Mais les principes sont des accidents survenus aux volontés. Le médecin fut bientôt convaincu qu’il désirait Claire, malgré sa raison.
— Comment ! s’exclama Worms en arrivant chez lui, tu n’es pas encore couchée, Blanche, dans ton état…
Il disait cela moins par sollicitude que par irritation contre sa femme dont, ce soir, la vue lui était insupportable.
Dieu ! qu’il la trouvait laide avec ses traits tirés qui mettaient une morne fixité dans son regard et sa taille ample, informe, ballonnée par un ventre pointu, pas symbolique du tout.
— Je t’attendais, mon ami, dit Blanche paisiblement.

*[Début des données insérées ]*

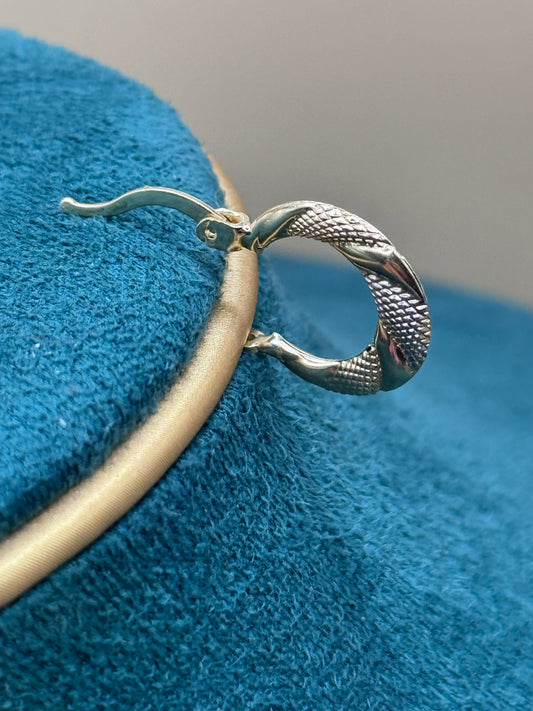 14K Two Tone Gold Hoop Earrings – White & Yellow Gold Hoops for Women, Dainty Everyday Jewelry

Je n’ai plus que toi depuis que tes parents ont emmené François.
Bien entendu elle se mit à pleurer. Ces larmes de mère, loin d’émouvoir Ferdinand, l’agacèrent ; il osa comparer sa femme à une vache désolée. Oui il devait se montrer franc sur ce chapitre, Blanche était bovine et infiniment ridicule, elle ne savait pas pleurer, elle ne savait rien faire, rien dire, rien penser qui ne soit elle, lamentablement elle.

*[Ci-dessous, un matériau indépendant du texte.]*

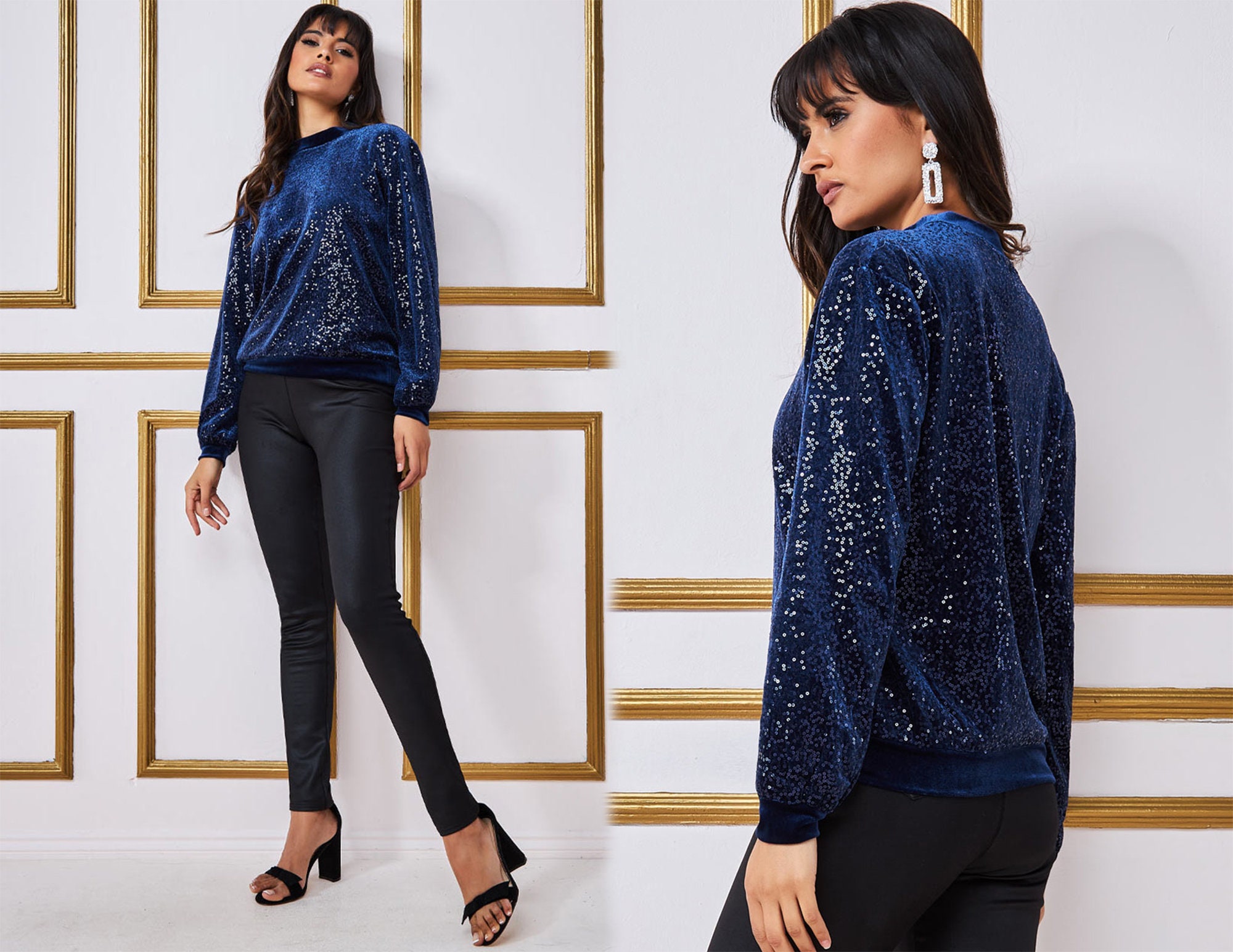 Navy sequin best sale jumper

Worms eut un frémissement devant la catastrophe qu’elle représentait. Toute sa vie, il serait flanqué de cette présence flasque, qui lui donnerait des enfants, recevrait ses relations, l’attendrait pour se mettre au lit, et pleurerait maladroitement.
Toute la vie, toute la vie…
Ah ! combien les bagnards avaient de chance que leurs fers soient en fer !

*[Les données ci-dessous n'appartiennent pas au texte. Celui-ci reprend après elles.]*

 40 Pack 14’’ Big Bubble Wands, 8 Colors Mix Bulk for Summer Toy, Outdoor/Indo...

Le vieux père Budin mourut le lendemain d’une crise d’urémie aiguë.
Le temps est venu pour le lecteur de faire plus ample connaissance avec Ange Soleil, lequel n’a rôdé dans les pages précédentes qu’à titre de silhouette. Ce bohème embourgeoisé n’excitait guère la curiosité, bien qu’il se vêtit de velours à grosses côtes et adorna son visage de favoris pesants. Ni l’aisance ni l’excentricité ne pouvaient le sauver du commun. Il émanait de la médiocrité comme d’un arbre qu’aucune greffe ne pouvait améliorer. C’était irrémédiablement un individu malgré ses efforts pour se créer un personnage. Son visage exprimait seulement l’orgueil de ce qu’il désirait paraître. Tous les artifices suggérés par une étroite imagination se lisaient sur ce masque anguleux, à peau blanche et opaque. On découvrait au fond de son regard une cohorte de pensées nonchalantes, contournant tous ces tremplins intellectuels qui se nomment orgueil, volonté, ténacité, courage. Soleil était indolent et prétentieux. Il se savait incapable d’agir et attribuait sa paresse à son talent car l’intelligence ne lui faisait pas complètement défaut. C’est un précieux réconfort que de pouvoir donner des interprétations flatteuses à ses travers. Nous employons à dessein le mot « travers » parce que les défauts de Ange ne se haussaient pas jusqu’au vice. Il faut une certaine envergure pour supporter le vice ; le musicien appartenait à ces jouisseurs timorés, qui n’assimilent que les facilités de l’existence sans toutefois se donner la peine de les rechercher. Il s’admirait beaucoup. Peut-être possédait-il quelque talent — il composait parfois assez facilement — mais son œuvre n’était pas un affluent du grand art et ne prenait pas sa source sous le roc du génie car, si elle était assez réfléchie, elle n’était jamais éprouvée. Sa musique manquait d’inspiration comme l’eau des remous manque de courant. Elle tournait en rond, mais cette circonférence se décrivait autour d’aucun pivot sensible. Il s’agissait d’une circonférence accidentelle, sans nulle autre combinaison que sa forme : circonférence d’un serpent qui mord sa queue. La musique d’Ange se mordait la queue ; elle n’emprisonnait pas l’ombre d’un sentiment violent. Elle était laborieuse et vide.